Merge K Sorted Streams

Initial Problem Statement

You are given K sorted iterators, each producing integers in ascending order. Each iterator may be very large or infinite, so you cannot materialize them fully.Implement a function that returns a single iterator that yields all values in sorted order

Example

#Input:
def merge_k_sorted(iterators: List[Iterator]) -> Iterator:
    return iterators

# Implement:
class Iterator:
    def has_next(self) -> bool:
        return(0)
    def next(self) -> int:
        return(0)

Constraints

$K$ is number of iterators

$K$ can be up to 10,000
Total elements across all iterators can be very large
Each individual iterator is sorted
You may only call next() if has_next() is true
Memory should be $O(K)$ , not proportional to total elements

Requirements

Time complexity should be optimal
Output must be lazily evaluated (iterator-based)
No preloading entire iterators

Initial Thoughts, Questions

Are the inputs are sorted in the same way the output should be?
merge_k_sorted() returns an iterator, and that iterator will most likely have some sort of async yield statement, so that as it's called we're expected to merge in results from the sorted iterators input
Are the sorted inputs updated constantly too? Meaning is this a long running process, or are the inputs pre-defined and not updated?
Upon each next() call to merge_k_sorted I need to somehow pick the smallest current element from each of the iterators and return that
- I can pre-load those elements if the iterators are never updated
I need to somehow keep track of the ordering of the elements in the iterator
- I need to quickly access the smallest element (assuming ordering is smallest here, can be max too)
- I need to return that smallest element
- Then I need to ingest the next element from the iterator that had the previous smallest element, and insert that into my ordered object
This mostly seems like holding a min-heap (if smallest), where the min-heap itself will be sorted based on the value, and have some reference back to the iterator that it was apart of [1-k]
- When I pop off the smallest element, I need to push the element from that iterator onto the min-heap
My implementation would have
- $O(k)$ storage, with a single entry in the min-heap for each iterator $k$
- $O(2 \times \log k)$ time complexity as removing smallest and inserting next item are both $O(\log k)$
- Lazily evaluated, no pre-loading entire iterators
Edge cases and gotchas
- Need to check each iterator has a next, if it doesn't just ignore it then. No need to check further (unless it's continuously updated)
- If there are duplicate values, how do I separate them or know which one to return? Merging them I would assume I just pick whichever one, which means based on min-heap it will be the one with the smallest iterator index
- The values have some sort of comparison logic that's implemented on them?

Implementation

General thought is to implement a new class, treat Iterators as a black box, and ensure new class implements something like:

merged = merge_k_sorted(iterators)
merged.has_next()
merged.next()

# This is given, assume it's "good" - "Each input iterator already implements has_next() / next() and is treated as a black box"
class Iterator:
    def has_next(self) -> bool
    def next(self) -> int

class MergedIterator():
    # Once MergedIterator is instantiated, calling next and has_next can
    #   be done without returning something here. THis is strictly for 
    #   passing inputs in  
    def __init__(self, iterators: List[Iterator]):
        # use heapq operations EVERYWHERE
        # (val, iterator_reference)
        self.min_heap = []
        self.iterators = iterators
        # fill up initially
        for idx, iterator in enumerate(self.iterators):
            if iterator.has_next():
                heapq.heappush(self.min_heap, (iterator.next(), idx))
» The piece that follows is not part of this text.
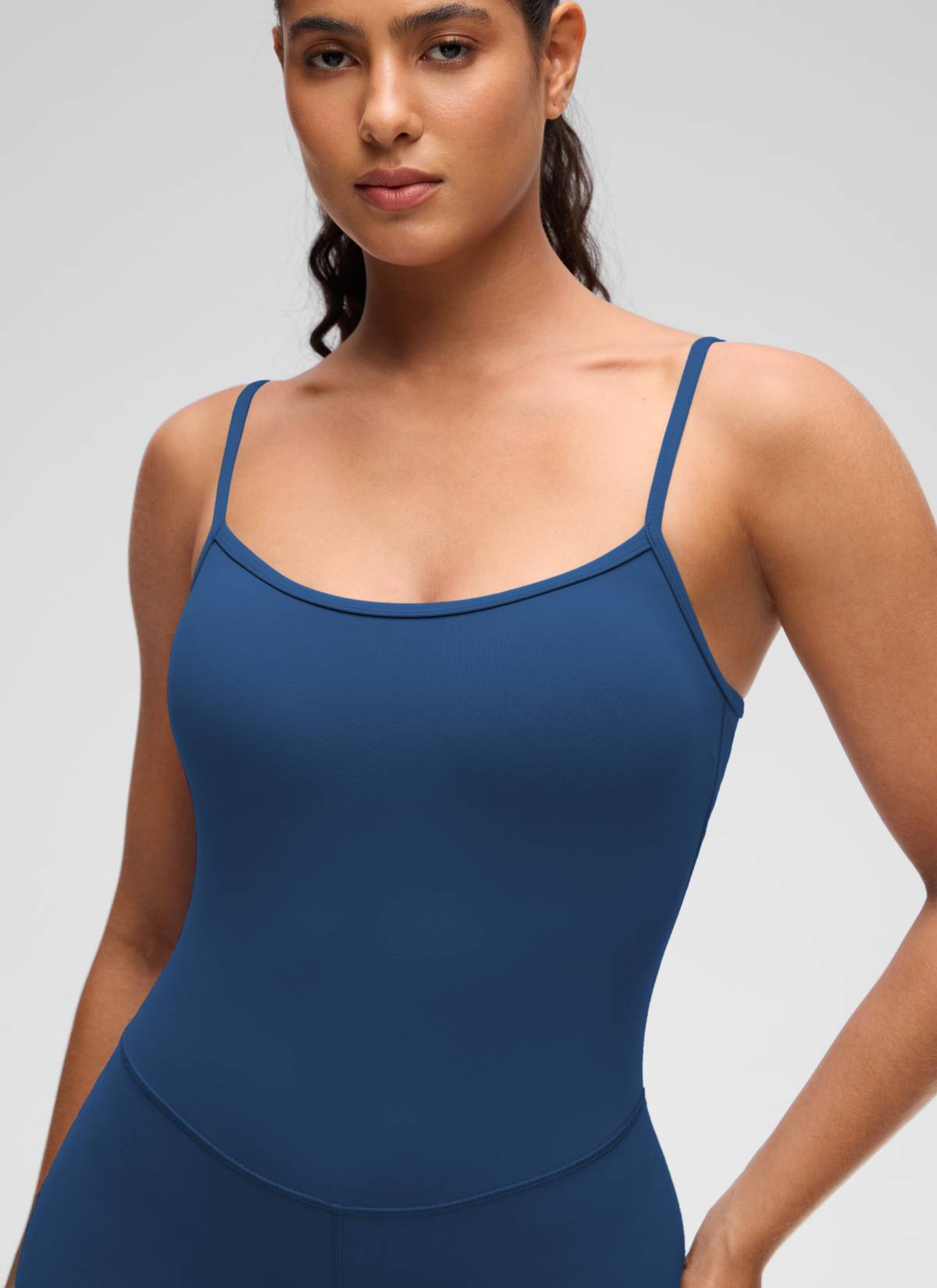 CRZ YOGA Damen Butterluxe Gepolstert Shaping Bodysuit Figurformender FRANZÖSISCHE MARINE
    def has_next(self) -> bool:
        return(len(self.min_heap) > 0)
    
    def next(self) -> int:
        # Just a guardrail
        if not self.has_next():
            raise ValueError("Iterators Empty")

        val, iter_idx = heapq.heappop(self.min_heap)
        # If it doesn't have next and is empty, just ignore it
        if self.iterators[iter_idx].has_next():
            heapq.heappush(self.min_heap, (self.iterators[iter_idx].next(), iter_idx))
        
        return(val)
    
merged_iterator = MergedIterator(iterators)
if merged_iterator.has_next():
    yield merged_iterator.next()

Systems Design

Streaming + ML Design Question

You now have K sorted streams of model outputs (e.g., per-shard inference results), and you need to:
- Merge them in order (as above)
- Compute rolling top-K results over the last $N$ seconds
- Serve this in near real time to downstream consumers

High Level requirements

Constraints

Streams are high volume
Eventual consistency is acceptable
Memory must be bounded
Queries ask for “top-K in last N seconds”

API Surface

Clarifying Questions

What is the typical volume of model outputs? What is the typical volume over $N$ $N$ seconds?
- Volume: ~5–10 million events per minute total across all streams
Can $N$ $N$ change over queries, or is $N$ $N$ a fixed parameter?
- $N$ fixed at 60 seconds
How many queries per second are coming in from clients asking about top $N$ $N$ ?
- ~1,000 QPS querying “top-K over last 60s”.
How large is $K$ $K$ , is $K$ $K$ fixed, or is it changing for each query?
- Small and fixed — assume K $\lte$ 100

System Constraints

In total, we need to keep a sorted data structure receiving up to 10 million events per minute, we are going to end up receiving about 1,000 queries per second querying for these top-k results, and $k$ is going to be a fixed number less than 100. Accepting hundreds of thousands requests every 10 seconds in a continuous fashion means that keeping our internal data structure will require extremely fast update speeds, and then the query layer needs to work off this data structure to continuously serve queries. Eventual consistency is OK and so accepting a new event and inserting into the data structure isn't strictly required while also serving queries. Most modern day servers can handle 1,000 queries per second alone, but handling millions of ingestion events each minute while handling query events will be a marked challenge.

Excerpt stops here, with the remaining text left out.